Wendal_spanswick said:


> Stand looks good mate but I'd add a cross brace across the bottom at the back. I'd also add another upright at the back to help support it all. Sounds like an expensive outlay so far so that stand wants to be as strong as possible. Good luck with it all.


I agree I think another few braces. It is bolted to the wall but a few more straps won't go a miss.
Any how I recived my filters and co2art sent me the custom built reg! To be honest I don't know what I'm dealing with but the packaging looks awesome.


----------



## Rabbit229 (26 Jun 2015)




----------



## Miroslav (27 Jun 2015)

Hello,

Just would like to say thank you very much for the purchase.

Also if you will have any problems to set up your CO2 system please kindly contact us and we will try to help you as much as we can.

Good luck with your set up


----------



## Chloesdad (27 Jun 2015)

Good luck with this sounds like a great project


----------



## Rabbit229 (28 Jun 2015)

Ha ha think I'll be in contacting Monday ! No I'm going study youtube vids all weekend on how to


----------



## Rabbit229 (28 Jun 2015)

Tank arived today.
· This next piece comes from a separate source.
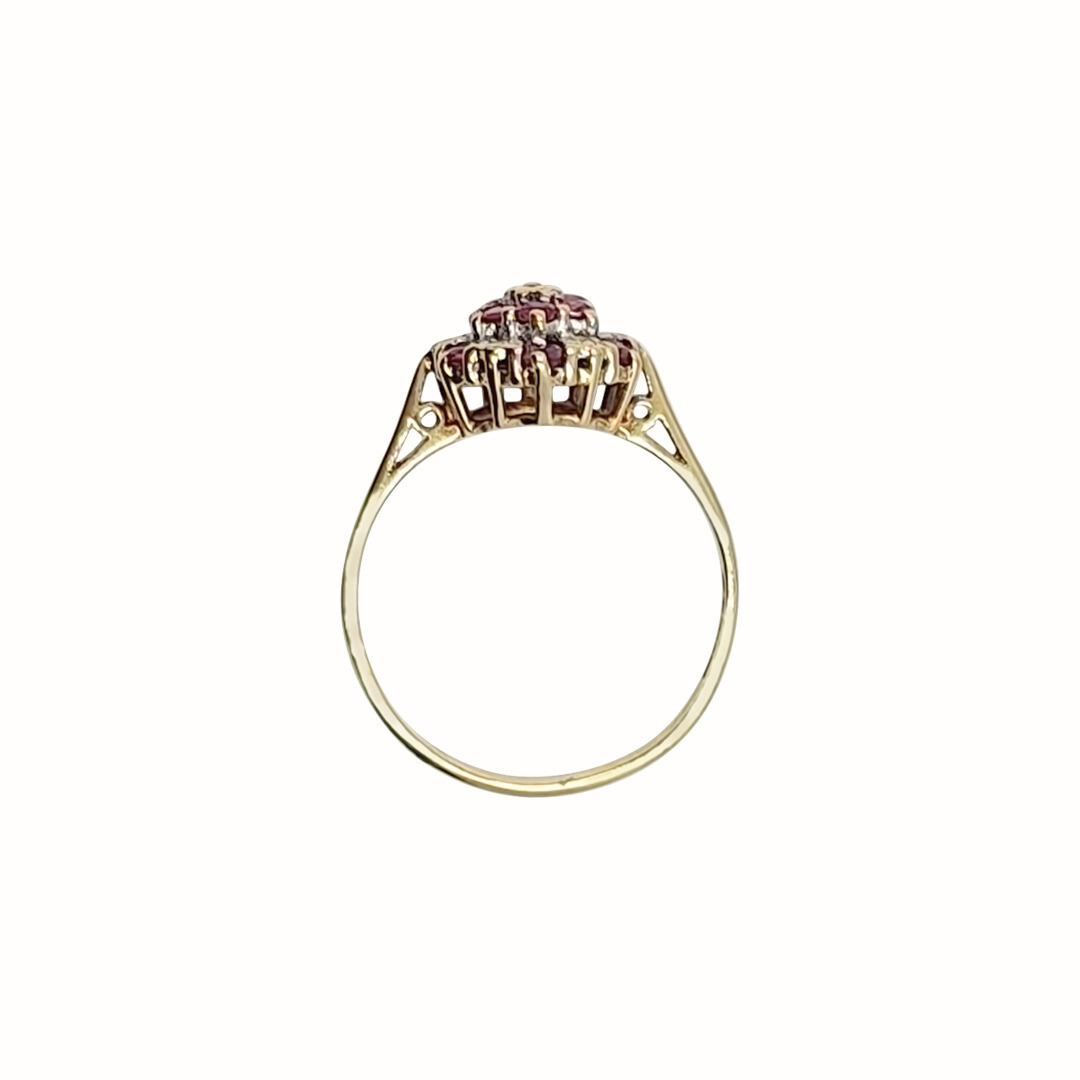 9ct Yellow Gold Pink Sapphire & Diamond Ring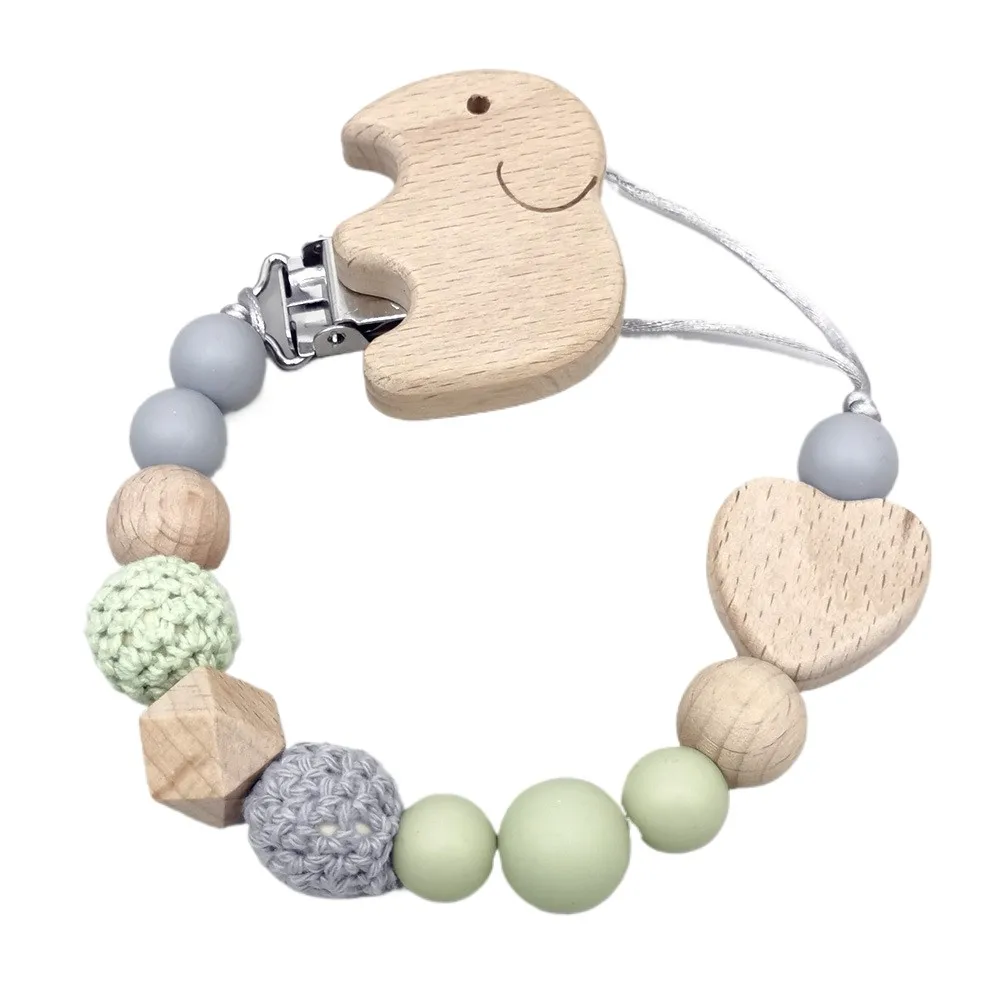 Silicone Beaded Pacifier Chain Elephant Beech Wood Pacifier Clips Baby Anti-Drop Soother Holder for Teething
I could not belive how heavy this monster is


----------



## RynoParsons (28 Jun 2015)

Seriously and you dont post a pic come on now time is ticking


----------



## Rabbit229 (28 Jun 2015)

Could swim in this beast.

I'm not to sure what the wife really thinks?


----------



## Rabbit229 (28 Jun 2015)




----------



## Rabbit229 (28 Jun 2015)

I was going to paint the back of the tank black with acrylic paint, due to the weight and size of this tank its to heavy to keep moving about, so think I'm not going to bother painting it


----------



## Andy D (28 Jun 2015)

Rabbit229 said:


> I was going to paint the back of the tank black with acrylic paint, due to the weight and size of this tank its to heavy to keep moving about, so think I'm not going to bother painting it



Just be sure. Better to do it now than wish you had done something with the background later. 

(I know what you mean about the weight. I have a few custom built tanks in 10mm glass and I could not believe how heavy a 2ft tank could be!)


----------



## Rabbit229 (29 Jun 2015)

Ugly mess here with the 2 external all going through a 3" triangle cut out. Any idea on how to cover this? Was thinking of some kind of plant?


----------



## Lindy (30 Jun 2015)

why don't you clad the tank stand in mdf or ply and then paint? better to do now....Might make it more acceptable to your wife. What's the point of a beautiful tank if there is an eyesore underneath it! I did this and used magnetic catches for the front panel so it just pulls off.


----------



## ian_m (30 Jun 2015)

Rabbit229 said:


> Ugly mess here with the 2 external all going through a 3" triangle cut out


If you are going to use CO2 you will need to get much better flow than having both the intake and outflow in the same corner.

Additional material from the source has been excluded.